Un député est retrouvé mort dans sa chambre d’hôtel. L’homme s’est suicidé et a laissé derrière une lui une disquette avec des données importantes que personne ne retrouve. Le commandant divisionnaire du 12ème arrondissement de Paris et qui travaille de nuit se rend sur les lieux et s’occupe de cette affaire. Malheureusement ces données vont attirer toutes les convoitises et elles demeurent introuvables. Le commandant devient une cible lorsque l’on apprend qu’il est arrivé le premier sur les lieux et qu’il a potentiellement embarqué avec lui cette fameuse disquette (une autre époque). L’intrigue n’est pas forcément des plus originales mais tout le sel des romans d’Hugues Pagan ne se trouve pas là. L’auteur écrit avec des images marquantes et campe comme dans « Le carré des indigents » son dernier roman noir en date, une ambiance pesante et poisseuse. Son personnage a bien d’autres problèmes à traiter que cette histoire de disquette et l’on apprend à le connaître au fil du roman. Un homme désabusé, torturé, en quête de sens dans son quotidien et mélomane à ses heures perdues. Un homme qui connaît comme personne la misère humaine et qui décèle avec une acuité rare les parts d’ombre chez ses interlocuteurs. Il travaille de nuit et ça lui va très bien. Il est embarqué à son insu dans cette histoire de disquette et même si au début il en a strictement rien à faire, les choses ne vont pas se simplifier pour lui. « Dernière station avant l’autoroute » est un polar bien sombre, plein de poésie dans lequel on retrouve le ton unique et travaillé de Pagan.

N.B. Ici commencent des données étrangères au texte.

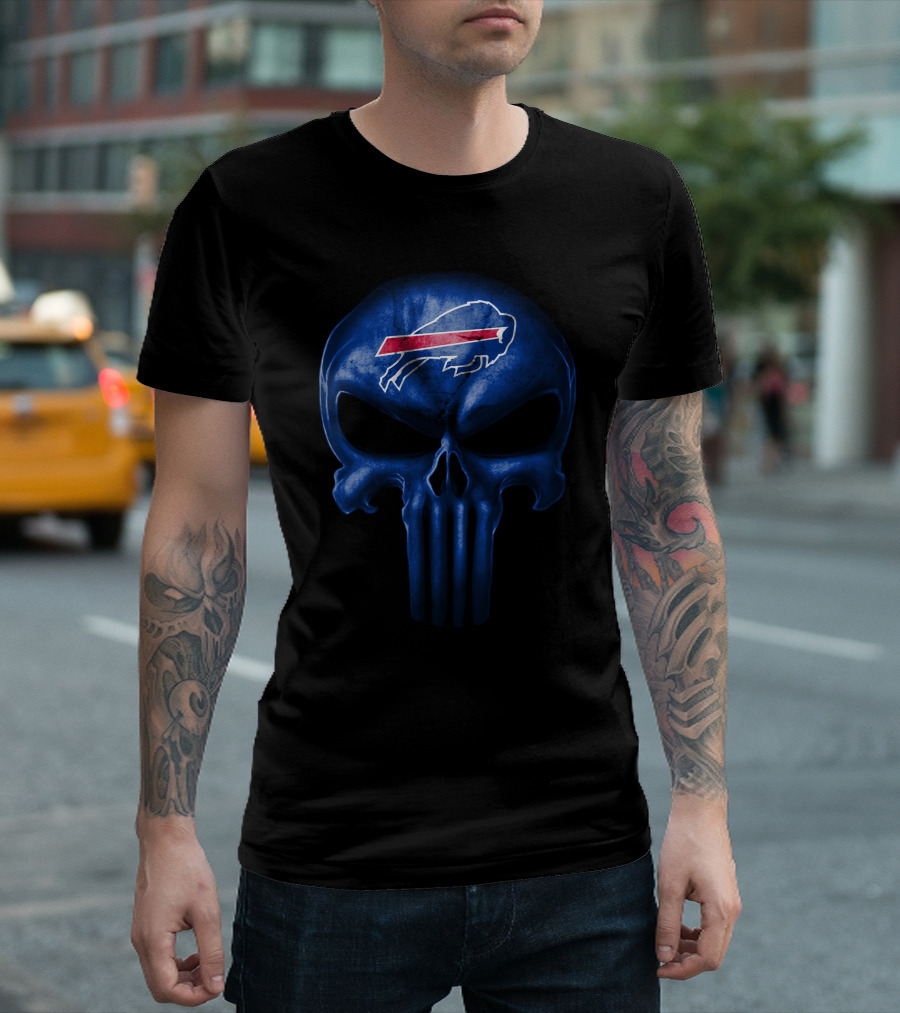 Buffalo Bills Skull Logo Blue Helmet T-Shirt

Dernière station avant l’autoroute, ed. Rivages, coll. Rivages noir, 8,50 euros, 432 pages.

Sous la ville rouge / René Frégni

Trajectoire d’un écrivain marseillais qui ne parvient pas à se faire éditer, sous la plume de René Frégni.

Charlie vit à Marseille et fait de la boxe dans un petit club de son quartier. Le reste du temps, il écrit chez lui et tente de se faire publier. Après de nombreux refus dans différentes maisons d’édition parisiennes, Charlie n’est plus très loin de se décourager. Pourtant il prend le pouls de sa ville comme personne. Mais rien à faire l’inspiration ne suffit pas et cela ne fonctionne pas. Jusqu’au jour où un éditeur le rappelle, son écriture lui plait et il souhaite le rencontrer à Paris. On retrouve les thèmes qui parcourent l’œuvre de René Frégni, de la prison au désir d’écriture en passant par la description de sa région et de Marseille. Les rencontres sont aussi très importantes et les personnages qui entourent Charlie sont marquants. L’auteur s’attarde sur des atmosphères et il saisit très bien celle de Marseille dans ce court roman qui peut se lire d’une traite. L’écriture est pleine de poésie et comme souvent chez l’auteur on passe un très bon moment de lecture.

Sous la ville rouge, ed. Folio, 6,90 euros, 144 pages.